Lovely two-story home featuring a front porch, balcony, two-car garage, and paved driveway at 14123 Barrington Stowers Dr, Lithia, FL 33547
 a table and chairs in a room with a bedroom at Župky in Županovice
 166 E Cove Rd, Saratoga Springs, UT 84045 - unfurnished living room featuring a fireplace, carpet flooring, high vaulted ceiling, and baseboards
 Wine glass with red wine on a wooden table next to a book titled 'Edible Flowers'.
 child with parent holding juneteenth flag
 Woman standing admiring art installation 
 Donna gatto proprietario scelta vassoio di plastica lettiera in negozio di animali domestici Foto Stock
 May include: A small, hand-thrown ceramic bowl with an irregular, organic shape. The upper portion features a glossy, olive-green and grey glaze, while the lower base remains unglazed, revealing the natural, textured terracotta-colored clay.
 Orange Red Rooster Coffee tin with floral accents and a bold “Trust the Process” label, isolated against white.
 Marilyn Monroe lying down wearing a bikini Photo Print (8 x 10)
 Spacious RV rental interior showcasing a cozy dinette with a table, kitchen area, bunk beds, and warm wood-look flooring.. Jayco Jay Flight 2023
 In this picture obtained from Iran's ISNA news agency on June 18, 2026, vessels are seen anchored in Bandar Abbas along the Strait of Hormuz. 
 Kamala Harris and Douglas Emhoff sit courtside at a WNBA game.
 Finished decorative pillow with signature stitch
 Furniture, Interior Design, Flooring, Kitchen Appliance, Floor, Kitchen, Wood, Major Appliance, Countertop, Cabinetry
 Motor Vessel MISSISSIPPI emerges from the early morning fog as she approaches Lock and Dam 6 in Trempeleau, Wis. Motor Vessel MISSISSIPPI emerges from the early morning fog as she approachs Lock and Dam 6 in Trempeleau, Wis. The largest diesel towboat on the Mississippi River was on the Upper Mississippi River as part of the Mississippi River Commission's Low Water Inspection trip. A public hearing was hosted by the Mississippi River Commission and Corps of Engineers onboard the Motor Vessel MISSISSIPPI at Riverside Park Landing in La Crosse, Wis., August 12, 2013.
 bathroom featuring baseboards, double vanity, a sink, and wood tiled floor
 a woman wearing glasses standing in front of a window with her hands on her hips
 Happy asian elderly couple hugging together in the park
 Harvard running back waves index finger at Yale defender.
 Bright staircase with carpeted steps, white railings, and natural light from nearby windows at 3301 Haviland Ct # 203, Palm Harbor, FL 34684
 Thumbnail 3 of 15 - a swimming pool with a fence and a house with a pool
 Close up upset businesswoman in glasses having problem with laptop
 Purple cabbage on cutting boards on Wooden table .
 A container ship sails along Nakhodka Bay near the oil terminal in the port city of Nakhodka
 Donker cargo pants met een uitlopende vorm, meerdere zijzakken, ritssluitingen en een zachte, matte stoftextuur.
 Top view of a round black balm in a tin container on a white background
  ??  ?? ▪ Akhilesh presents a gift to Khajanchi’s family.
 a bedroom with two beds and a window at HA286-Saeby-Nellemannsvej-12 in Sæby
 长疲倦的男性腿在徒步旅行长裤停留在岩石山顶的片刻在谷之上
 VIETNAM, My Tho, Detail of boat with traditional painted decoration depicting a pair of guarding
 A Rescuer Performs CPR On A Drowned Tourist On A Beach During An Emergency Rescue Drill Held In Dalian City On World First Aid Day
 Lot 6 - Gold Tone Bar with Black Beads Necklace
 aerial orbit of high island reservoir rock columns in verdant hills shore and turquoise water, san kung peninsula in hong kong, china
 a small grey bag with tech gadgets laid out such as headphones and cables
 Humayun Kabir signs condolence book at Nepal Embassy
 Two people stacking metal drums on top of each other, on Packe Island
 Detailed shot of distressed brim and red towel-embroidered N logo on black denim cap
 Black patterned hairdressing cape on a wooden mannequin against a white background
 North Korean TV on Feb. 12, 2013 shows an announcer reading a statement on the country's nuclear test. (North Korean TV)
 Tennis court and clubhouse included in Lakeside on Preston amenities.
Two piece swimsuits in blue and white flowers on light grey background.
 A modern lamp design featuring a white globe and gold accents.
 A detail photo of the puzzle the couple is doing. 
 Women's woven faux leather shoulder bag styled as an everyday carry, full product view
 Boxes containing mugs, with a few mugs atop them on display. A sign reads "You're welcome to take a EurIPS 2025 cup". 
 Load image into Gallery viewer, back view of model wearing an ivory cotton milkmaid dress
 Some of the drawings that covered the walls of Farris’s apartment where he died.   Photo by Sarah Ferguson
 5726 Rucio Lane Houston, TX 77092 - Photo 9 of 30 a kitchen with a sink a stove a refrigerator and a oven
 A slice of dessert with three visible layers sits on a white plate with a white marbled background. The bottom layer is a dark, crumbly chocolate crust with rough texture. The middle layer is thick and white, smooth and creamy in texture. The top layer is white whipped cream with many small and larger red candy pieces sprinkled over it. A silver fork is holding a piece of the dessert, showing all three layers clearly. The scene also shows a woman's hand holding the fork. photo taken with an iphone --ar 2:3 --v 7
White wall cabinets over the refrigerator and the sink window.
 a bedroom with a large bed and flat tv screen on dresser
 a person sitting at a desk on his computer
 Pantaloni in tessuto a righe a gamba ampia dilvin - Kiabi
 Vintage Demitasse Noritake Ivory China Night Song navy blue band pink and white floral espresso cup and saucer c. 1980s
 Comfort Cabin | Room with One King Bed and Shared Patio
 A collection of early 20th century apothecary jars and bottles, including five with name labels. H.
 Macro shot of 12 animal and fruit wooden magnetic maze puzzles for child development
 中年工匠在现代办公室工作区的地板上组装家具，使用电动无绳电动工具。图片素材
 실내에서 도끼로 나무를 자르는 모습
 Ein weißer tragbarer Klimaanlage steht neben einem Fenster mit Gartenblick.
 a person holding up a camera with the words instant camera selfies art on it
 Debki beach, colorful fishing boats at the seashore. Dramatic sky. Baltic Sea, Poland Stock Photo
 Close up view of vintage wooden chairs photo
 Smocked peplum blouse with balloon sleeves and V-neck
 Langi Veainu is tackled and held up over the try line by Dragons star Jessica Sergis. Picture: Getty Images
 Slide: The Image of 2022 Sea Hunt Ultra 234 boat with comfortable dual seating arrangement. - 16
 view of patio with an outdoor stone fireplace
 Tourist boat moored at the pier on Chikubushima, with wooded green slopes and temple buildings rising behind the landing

================

### Task
Your answer should be every line above that contains the word "blue".

### Result of the task
Two piece swimsuits in blue and white flowers on light grey background.
 Vintage Demitasse Noritake Ivory China Night Song navy blue band pink and white floral espresso cup and saucer c. 1980s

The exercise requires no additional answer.